Hazen-Williams vs. Darcy-Weisbach: Which Should You Choose?
Compare Hazen-Williams and Darcy-Weisbach for pipe friction loss, accuracy, simplicity, fluid type, and when to use each equation.
When it comes to designing and evaluating fluid flow in pipes, the Hazen-Williams and Darcy-Weisbach equations are essential tools for engineers. Both equations allow you to calculate pressure drop from friction in pipes, a crucial part of plumbing and HVAC system design.
Read on for an in-depth breakdown of Hazen-Williams vs. Darcy-Weisbach, encompassing their respective advantages and disadvantages, to help you determine which equation is most suitable for your project.
Hazen-Williams Equation
Commonly used for water flow through pipes, the Hazen-Williams equation is as follows:
hf = (10.67 × L × Q^1.852) / (C^1.852 × D^4.87)

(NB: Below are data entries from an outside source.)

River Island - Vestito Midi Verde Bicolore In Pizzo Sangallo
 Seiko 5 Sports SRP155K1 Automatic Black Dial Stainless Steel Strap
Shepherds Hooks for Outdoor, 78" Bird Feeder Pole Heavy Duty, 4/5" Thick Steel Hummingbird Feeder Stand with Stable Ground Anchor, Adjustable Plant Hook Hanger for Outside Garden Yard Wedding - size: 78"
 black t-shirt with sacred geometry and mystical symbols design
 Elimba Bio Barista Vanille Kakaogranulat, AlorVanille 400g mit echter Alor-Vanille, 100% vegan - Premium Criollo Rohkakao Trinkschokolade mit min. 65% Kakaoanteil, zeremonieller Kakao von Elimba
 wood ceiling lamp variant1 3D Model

Note: the constant 10.67 only applies to metric units. For imperial units, use a constant of 4.73:
hf = (4.73 × L × Q^1.852) / (C^1.852 × D^4.87)
Where:
- hf is the head loss due to friction (m/ft)
- L is the pipe length (m/ft)
- Q is the flow rate (m³/s/ft³/s)
- C is the Hazen-Williams coefficient (dimensionless)
- D is the internal pipe diameter (m/ft)
| Symbol | Parameter | Metric Unit | Imperial Unit |
|---|---|---|---|
| hf | Head loss due to friction | meters (m) | feet (ft) |
| L | Pipe length | meters (m) | feet (ft) |
| Q | Flow rate | m³/s | cubic feet/sec (cfs) |
| C | Hazen-Williams coefficient | dimensionless | dimensionless |
| D | Pipe diameter | meters (m) | inches (in) |
Hazen-Williams Roughness Coefficient
The Hazen-Williams roughness coefficient (C) represents the relative roughness of the interior surface of a pipe.
It is a dimensionless empirical value used in the Hazen-Williams equation to account for the effect of pipe material on flow resistance.
Higher values of the Hazen-Williams coefficient indicate pipes with smoother interior surfaces, which in turn generally indicate lower head loss.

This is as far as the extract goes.